GIVEN INFORMATION
══════
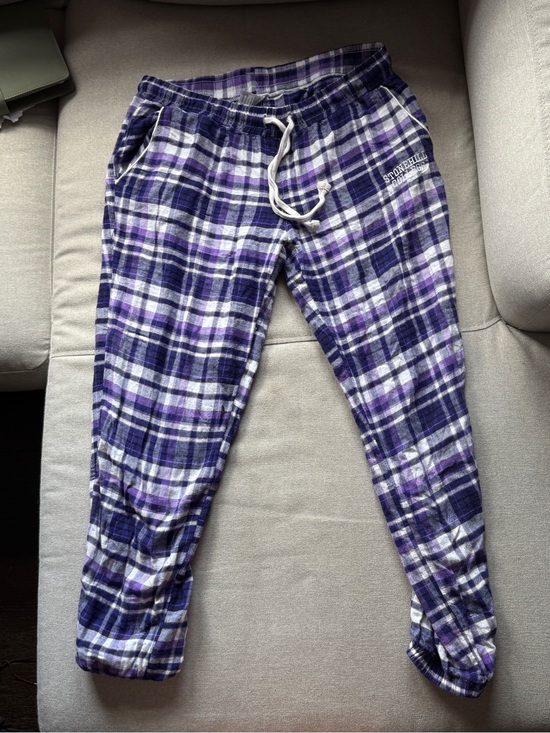 Other - Stonehill College Women’s Purple Plaid Lounge Pants
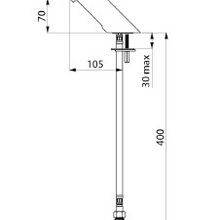 DELABIE Tempomix 3 basin mixer - Lead free* gallery detail image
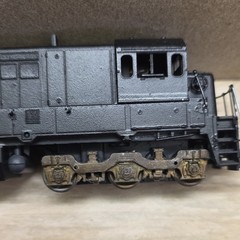 NW HO Scale Diesel Locomotive Co-Co Black Plastic Metal Model 1:87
══════
THE PROBLEM
A verbatim copy is needed of the lines running from the line with "DELABIE Tempomix 3" to the end of the data above, both included. Keep the pictures out of it.

RESULT OF THE TASK
 DELABIE Tempomix 3 basin mixer - Lead free* gallery detail image
 NW HO Scale Diesel Locomotive Co-Co Black Plastic Metal Model 1:87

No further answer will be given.